ASSIGNED TASK
Print exactly the line that contains "ومعدل التضحم والرباح‬", then every following line through the end of the material; include nothing else and no pictures.

━━━

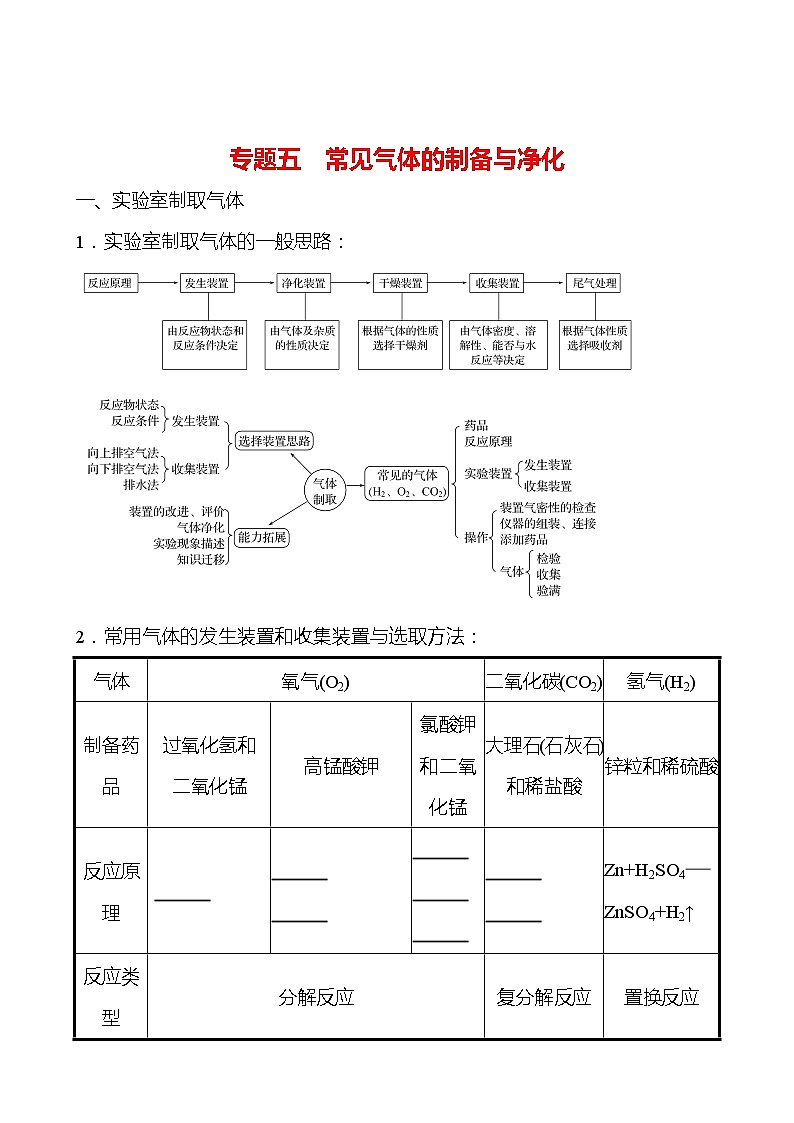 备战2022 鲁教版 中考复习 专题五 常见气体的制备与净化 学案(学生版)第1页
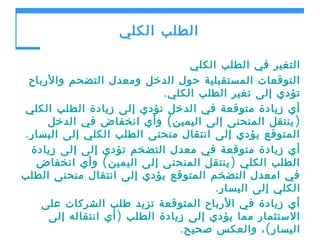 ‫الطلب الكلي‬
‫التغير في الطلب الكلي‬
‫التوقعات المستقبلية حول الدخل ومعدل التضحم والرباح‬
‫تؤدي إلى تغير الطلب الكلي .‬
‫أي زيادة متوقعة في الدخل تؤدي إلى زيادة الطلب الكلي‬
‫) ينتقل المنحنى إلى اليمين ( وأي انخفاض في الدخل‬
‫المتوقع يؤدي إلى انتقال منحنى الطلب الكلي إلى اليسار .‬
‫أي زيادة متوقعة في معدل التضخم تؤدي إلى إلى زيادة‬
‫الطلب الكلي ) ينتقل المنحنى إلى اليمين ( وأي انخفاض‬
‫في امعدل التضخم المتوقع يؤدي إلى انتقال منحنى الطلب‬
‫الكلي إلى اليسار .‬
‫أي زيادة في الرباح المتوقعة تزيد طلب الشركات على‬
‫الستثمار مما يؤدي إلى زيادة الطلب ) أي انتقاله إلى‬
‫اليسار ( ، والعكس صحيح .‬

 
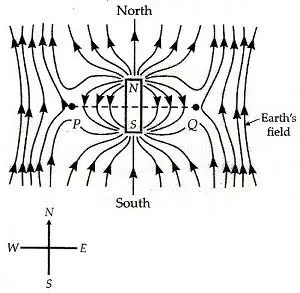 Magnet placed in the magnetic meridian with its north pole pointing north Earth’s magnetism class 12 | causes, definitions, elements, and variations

━━━

WORKED SOLUTION
‫التوقعات المستقبلية حول الدخل ومعدل التضحم والرباح‬
‫تؤدي إلى تغير الطلب الكلي .‬
‫أي زيادة متوقعة في الدخل تؤدي إلى زيادة الطلب الكلي‬
‫) ينتقل المنحنى إلى اليمين ( وأي انخفاض في الدخل‬
‫المتوقع يؤدي إلى انتقال منحنى الطلب الكلي إلى اليسار .‬
‫أي زيادة متوقعة في معدل التضخم تؤدي إلى إلى زيادة‬
‫الطلب الكلي ) ينتقل المنحنى إلى اليمين ( وأي انخفاض‬
‫في امعدل التضخم المتوقع يؤدي إلى انتقال منحنى الطلب‬
‫الكلي إلى اليسار .‬
‫أي زيادة في الرباح المتوقعة تزيد طلب الشركات على‬
‫الستثمار مما يؤدي إلى زيادة الطلب ) أي انتقاله إلى‬
‫اليسار ( ، والعكس صحيح .‬

 
 Magnet placed in the magnetic meridian with its north pole pointing north Earth’s magnetism class 12 | causes, definitions, elements, and variations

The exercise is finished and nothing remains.